M12-io.pciex.switch.se - An error was detected within a PCIe switch

Asset ID:	1-79-2218459.1
Update Date:	2017-08-14
Keywords:

Solution Type Predictive Self-Healing Sure

Solution 2218459.1 : M12-io.pciex.switch.se - An error was detected within a PCIe switch

Applies to:

Fujitsu SPARC M12-2
Fujitsu M10 PCI Expansion Unit
Fujitsu SPARC M12-2S
Fujitsu SPARC M12-1
SPARC

Purpose

Provide additional information for message ID: M12-io.pciex.switch.se

Fujitsu error code:

03000001

Details

Type

: Hardware Fault; io.pciex.switch.se

Severity

: Major

Description

: Fault due to a serious error detected on a PCIe switch chip, onboard device or a card in a PCI slot.

Automated Response

: When the failure is detected, the domain will be rebooted, the platform administrator should make sure the FRU with the faulty component is replaced.

Impact

: All the IO behind the PCIe switch chip is deconfigured.; NOTE: When the failure is on a PCI card, the fault information for this fault is not stored in the FMA resource cache, nor is it stored on the XSCF's persistent storage. Instead, the fault information is stored only in the hardware descriptor (HWD) of the domain that the device belongs to. The HWD itself is cleared of all information about faulty devices when the domain is powered down (this includes platform resets and platform power-downs). The HWD information about this device being faulty is also cleared when a hot-plug operation is performed on the faulty PCIe card from within Solaris running on the domain.

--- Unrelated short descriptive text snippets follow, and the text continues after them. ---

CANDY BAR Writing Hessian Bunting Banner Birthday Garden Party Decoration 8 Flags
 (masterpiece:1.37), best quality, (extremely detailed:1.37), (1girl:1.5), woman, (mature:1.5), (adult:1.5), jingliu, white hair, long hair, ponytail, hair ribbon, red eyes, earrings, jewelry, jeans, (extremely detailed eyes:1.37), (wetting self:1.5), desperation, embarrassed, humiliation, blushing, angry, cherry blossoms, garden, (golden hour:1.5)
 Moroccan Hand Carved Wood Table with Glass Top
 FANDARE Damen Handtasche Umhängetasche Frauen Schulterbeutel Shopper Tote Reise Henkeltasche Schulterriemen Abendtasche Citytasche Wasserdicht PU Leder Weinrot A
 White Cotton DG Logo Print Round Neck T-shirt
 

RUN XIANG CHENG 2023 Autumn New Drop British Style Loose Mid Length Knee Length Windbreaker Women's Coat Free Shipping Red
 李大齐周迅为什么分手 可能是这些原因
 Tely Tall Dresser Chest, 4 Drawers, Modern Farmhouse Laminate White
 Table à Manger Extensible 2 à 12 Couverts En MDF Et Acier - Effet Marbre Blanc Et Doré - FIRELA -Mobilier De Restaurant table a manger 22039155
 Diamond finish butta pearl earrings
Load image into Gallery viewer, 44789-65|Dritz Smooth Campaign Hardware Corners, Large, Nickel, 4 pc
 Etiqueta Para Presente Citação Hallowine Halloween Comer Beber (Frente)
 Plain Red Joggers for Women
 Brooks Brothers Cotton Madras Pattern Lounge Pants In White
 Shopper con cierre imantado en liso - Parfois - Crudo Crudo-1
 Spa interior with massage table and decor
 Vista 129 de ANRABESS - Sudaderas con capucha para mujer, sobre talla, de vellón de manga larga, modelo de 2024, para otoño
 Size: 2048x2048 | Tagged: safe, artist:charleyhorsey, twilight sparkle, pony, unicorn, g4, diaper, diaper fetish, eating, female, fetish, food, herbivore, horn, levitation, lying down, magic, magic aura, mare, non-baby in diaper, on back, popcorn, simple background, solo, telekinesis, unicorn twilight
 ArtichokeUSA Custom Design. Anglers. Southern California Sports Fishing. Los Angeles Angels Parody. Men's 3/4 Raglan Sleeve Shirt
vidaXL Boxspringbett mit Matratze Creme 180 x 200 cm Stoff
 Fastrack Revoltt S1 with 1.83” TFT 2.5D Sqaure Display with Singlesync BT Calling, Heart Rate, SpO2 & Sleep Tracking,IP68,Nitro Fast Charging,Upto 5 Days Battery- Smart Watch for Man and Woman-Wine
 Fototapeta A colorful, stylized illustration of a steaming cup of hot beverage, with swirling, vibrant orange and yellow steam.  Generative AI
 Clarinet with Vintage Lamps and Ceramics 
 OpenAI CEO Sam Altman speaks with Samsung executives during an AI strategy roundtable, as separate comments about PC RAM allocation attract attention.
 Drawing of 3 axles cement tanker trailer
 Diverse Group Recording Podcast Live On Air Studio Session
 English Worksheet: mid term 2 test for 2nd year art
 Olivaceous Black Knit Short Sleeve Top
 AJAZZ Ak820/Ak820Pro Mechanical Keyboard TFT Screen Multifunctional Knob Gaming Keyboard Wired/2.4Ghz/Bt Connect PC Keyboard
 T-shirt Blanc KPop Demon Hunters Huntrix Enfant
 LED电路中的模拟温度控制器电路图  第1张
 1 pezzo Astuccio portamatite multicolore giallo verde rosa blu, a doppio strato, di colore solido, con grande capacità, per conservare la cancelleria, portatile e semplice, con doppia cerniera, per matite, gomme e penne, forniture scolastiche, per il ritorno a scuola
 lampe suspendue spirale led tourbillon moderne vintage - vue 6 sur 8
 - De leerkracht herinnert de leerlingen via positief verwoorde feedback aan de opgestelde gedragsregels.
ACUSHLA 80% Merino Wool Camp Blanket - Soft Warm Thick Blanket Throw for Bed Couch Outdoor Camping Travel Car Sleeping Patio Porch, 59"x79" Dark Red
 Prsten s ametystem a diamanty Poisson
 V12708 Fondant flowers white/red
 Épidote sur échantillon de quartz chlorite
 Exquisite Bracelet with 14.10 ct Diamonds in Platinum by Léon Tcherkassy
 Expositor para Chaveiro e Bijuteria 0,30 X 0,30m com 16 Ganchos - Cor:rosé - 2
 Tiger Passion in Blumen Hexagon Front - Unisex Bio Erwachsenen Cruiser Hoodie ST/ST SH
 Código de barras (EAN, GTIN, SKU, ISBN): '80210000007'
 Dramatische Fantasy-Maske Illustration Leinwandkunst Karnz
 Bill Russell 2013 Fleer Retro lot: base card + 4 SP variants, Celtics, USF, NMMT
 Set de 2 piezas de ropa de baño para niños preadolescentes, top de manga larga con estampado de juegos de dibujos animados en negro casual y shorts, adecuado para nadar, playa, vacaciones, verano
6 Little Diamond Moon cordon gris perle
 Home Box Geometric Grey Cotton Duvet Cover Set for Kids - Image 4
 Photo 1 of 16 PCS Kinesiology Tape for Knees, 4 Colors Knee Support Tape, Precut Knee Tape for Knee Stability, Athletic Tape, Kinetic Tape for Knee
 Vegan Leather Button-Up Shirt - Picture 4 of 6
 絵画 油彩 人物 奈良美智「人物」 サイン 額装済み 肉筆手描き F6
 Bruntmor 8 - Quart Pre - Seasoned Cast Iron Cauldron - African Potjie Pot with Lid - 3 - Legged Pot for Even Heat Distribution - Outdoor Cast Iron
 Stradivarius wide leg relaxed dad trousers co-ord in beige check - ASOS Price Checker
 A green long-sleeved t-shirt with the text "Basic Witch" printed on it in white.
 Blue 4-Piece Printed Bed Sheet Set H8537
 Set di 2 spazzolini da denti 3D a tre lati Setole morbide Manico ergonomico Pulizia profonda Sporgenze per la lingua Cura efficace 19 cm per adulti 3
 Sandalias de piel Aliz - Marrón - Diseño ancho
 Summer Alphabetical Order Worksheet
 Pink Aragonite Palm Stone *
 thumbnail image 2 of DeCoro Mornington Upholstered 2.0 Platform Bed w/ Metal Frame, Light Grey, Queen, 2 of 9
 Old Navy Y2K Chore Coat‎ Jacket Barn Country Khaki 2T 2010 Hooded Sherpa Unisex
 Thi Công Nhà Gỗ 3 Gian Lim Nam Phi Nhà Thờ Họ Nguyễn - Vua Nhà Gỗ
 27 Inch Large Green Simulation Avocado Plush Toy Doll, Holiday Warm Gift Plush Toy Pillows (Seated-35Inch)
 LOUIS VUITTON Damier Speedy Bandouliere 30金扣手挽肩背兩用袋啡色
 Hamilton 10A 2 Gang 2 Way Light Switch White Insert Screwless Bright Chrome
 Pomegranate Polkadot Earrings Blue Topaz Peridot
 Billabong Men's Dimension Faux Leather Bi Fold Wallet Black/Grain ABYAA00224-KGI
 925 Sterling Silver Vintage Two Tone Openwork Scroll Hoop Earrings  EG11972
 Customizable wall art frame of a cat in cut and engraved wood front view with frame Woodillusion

However, even though the fault information is not stored in the FMA resource cache or XSCF persistent storage, the fault occurrence is logged in the relevant error logs and fault logs.

NOTE: OBP stops using the PCI card when the failure is detected. But, by power-off and on the domain, the domain will start using it again.

Indicted Hardware

If the fault is detected on a PCI card, the PCI card should be replaced.
For M12-1 systems, MBU should be replaced.
For M12-2/M12-2S systems, CMUL should be replaced.
For PCI expansion box, linkcard should be replaced.

If the fault was detected while running POST or while running OBP then the, fault may be detected on:

- For M12-1 systems, the PCIe switches are on the MBU;
- For M12-2/M12-2S systems, the PCIe switches are on the CMUL
- For PCI expansion Box, the PCIe switch on the Linkcard

For M12-1 systems:

- If this is PCIe switch chip 0, then built-in disks, built-in USB i/f, built-in GbE port#0 and #1, and the first PCIe slot are deconfigured.

- If this is PCIe switch chip 1, then built-in GbE port#2 and #3 and the second and third PCIe slots are deconfigured.

For M12-2/M12-2S systems:

- If the fault was detected on PCIe switch chip 0 on CMUL, then all the built-in IO behind the PCIe switch chip is deconfigured (built-in disks, built-in GbE, and built-in USB i/f.).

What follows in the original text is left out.